Derek Guthrie always meant to read the Booker prizewinning novel Hotel du Lac by Anita Brookner. Starting it while sitting on the hotel’s terrace seemed a good idea. It wasn’t
Getting a namecheck for your hotel in the title of a book is pretty special. Unless it’s accompanied by the word ‘Babylon’. Over a decade ago, the collective heart of the hotel industry prematurely skipped a beat when Fay Weldon’s Bulgari Connection was published. It turned out that Italy’s jewels-to-hotel megabrand had simply paid cash for the title. £18,000 to be exact. Return on investment: a storm of high falutin literary controversy.
Back in the 80’s, the Hotel du Lac – a Swiss property of which no-one had ever heard – unexpectedly found itself catapulted to international fame after Anita Brookner’s novel of the same name appeared. Despite Martin Amis being that year’s shoo-in, it went and won the Booker Prize – bingo!
But hotel people should be careful what they wish for.
The real Hotel du Lac is an elegant summer destination in Vevey, a jolly little resort that sits quietly towards the eastern end of Lake Geneva. This is Europe’s largest expanse of freshwater, dividing Switzerland from France, with the diplomat enclave of Geneva at one end, Montreux at the other. Montreux is too Monegasque for me, its shuttered apartment blocks looking as if they’re owned by the same people who’ve bought Knightsbridge, and don’t live there either, but Vevey just sits there, accommodating happy families who splash about in the lake’s clear waters.
It was only ever really famous for two things: Charlie Chaplin lived in exile for 25 years after the Americans wouldn’t allow him to return to Hollywood during the McCarthy era; and Nestle, the chocolate to powdered milk conglomerate, was founded there and still thrives today. The book attracted further attention.
But when Anita Brookner turned up to write her novel, about a writer called Edith Hope staying in the hotel, it didn’t seem to be quite so pleasing to the eye
On a bright sunny day, lounging by the pool, I dipped in for a read. I should have gone for a swim instead. I didn’t expect a guide book, but Brookner’s narrative is grey, deliberately so, mulling over deceits and mores, drawing succour from the foibles of fictionalized guests. It’s no accident that events take place as winter is setting in, swaddling the characters in cold, dank mists, contrasting sharply with my summery outlook.

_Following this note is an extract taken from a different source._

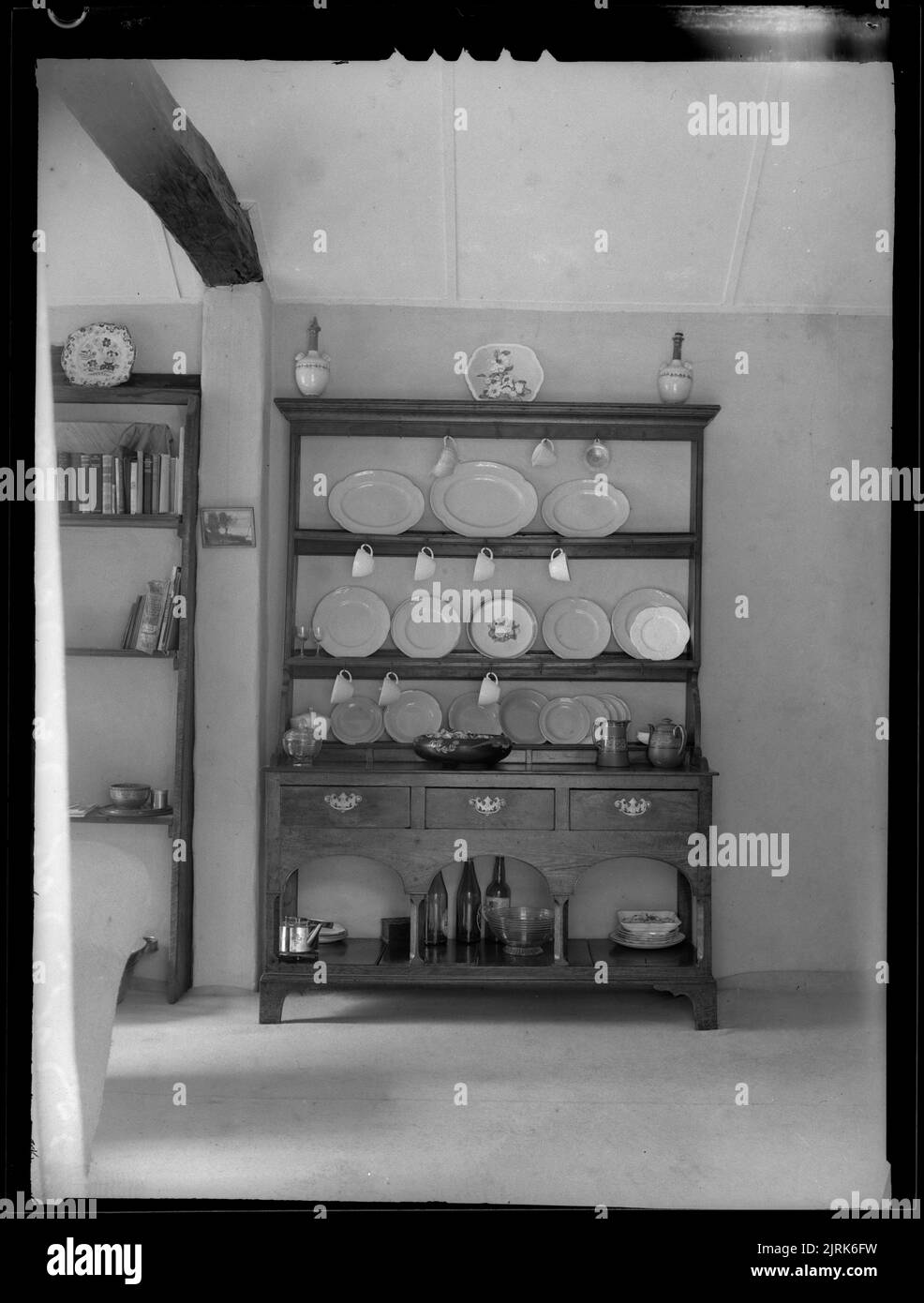 Beryl in "the Little Silver Ring" etc, Home sweet home My Rosary, New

The Hotel sits on the lakeshore, its proper name now ‘Grand Hotel du Lac’ after a couple of refurbs to rejuvenate the elegant decor. But when Anita Brookner turned up to write her novel, about a writer called Edith Hope staying in the hotel, it didn’t seem to be quite so pleasing to the eye. Across the water from me were the mountains of the Chablais Massif, a dramatic landscape indeed, but one which Brookner describes as unrelentingly monochrome. “It’s not”, I thought, looking out over the sparkling blue waters.

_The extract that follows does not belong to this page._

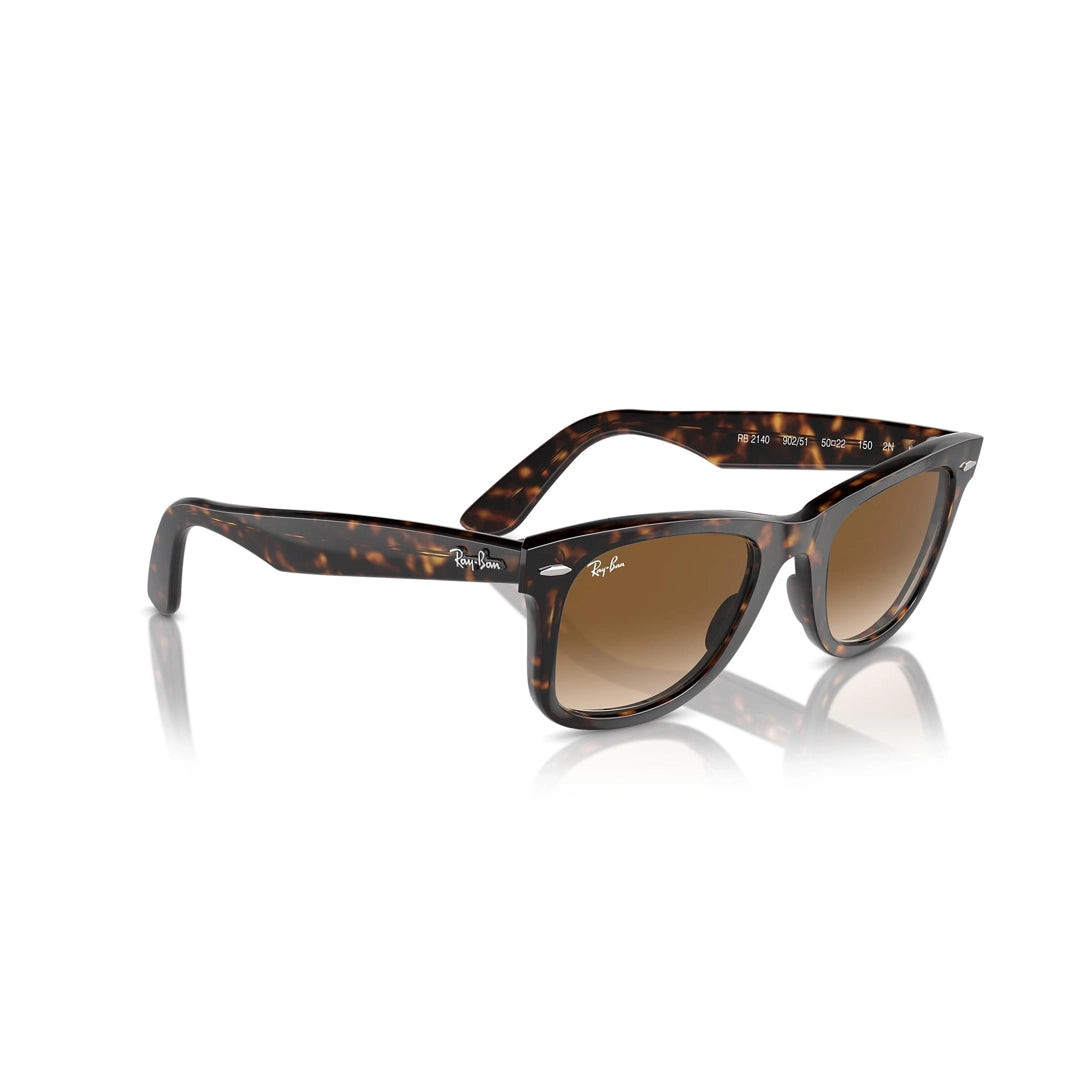 RB2140 902/51 50-22 Wayfarer photo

Throughout the day, every day, brightly restored paddle steamers pootle by from the past, tooting and puffing to signal that it’s not only Swiss trains that run on time. They’re paid scant attention by Brookner, her storyline too bleak for jolly nautical maneuvers, (save for one rather belated romantic tryst). Pity really, the vessels are a century old; elongated, sleek, as sharply pointed as stilettos, resplendent with Belle Epoque frippery, as if Tim Burton had been given a small navy to makeover.
By page nine, Brookner is laying into her surroundings. “Veal-coloured”, she says, whatever that might be. In fact the place is a riot of sunshine colours blended with exotic antiquery and golden baubles hither and thither. It’s all very tasteful, not like veal at all.

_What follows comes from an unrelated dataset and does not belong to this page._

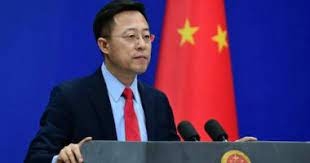 بكين: على الولايات المتحدة احترام سيادة واستقلال دول جزر الباسيفيك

She goes on, damning with faint praise its serenity and restrained taste as a “mild form of sanctuary”. Hmm… The hotel is a prop, the backdrop to a comedy of manners, the most important aspects of which actually take place in London. The characters, and the hotel itself, are foils for the writer’s worries, dilemmas, misgivings.
I stepped out on to my little balcony several times to view the water and distant mountains, and not once was the air like milk. Not even the condensed stuff, which I like
At mealtimes (which feature a lot), the fictional menu couldn’t have been further from reality: succulent, meaty, roast lobster served in an absinthe sauce; tender lamb chops in a crunchy nigella crust; and a variety of expertly crafted dishes not dependent on expensive ingredients, prepped by Switzerland’s Chef of the Year. What the heroine Edith had is irrelevant, as mealtimes were only a stage set for never ending melodrama. Although at one point she was “ladling chips of sugar, coloured like bath salts, into her coffee”.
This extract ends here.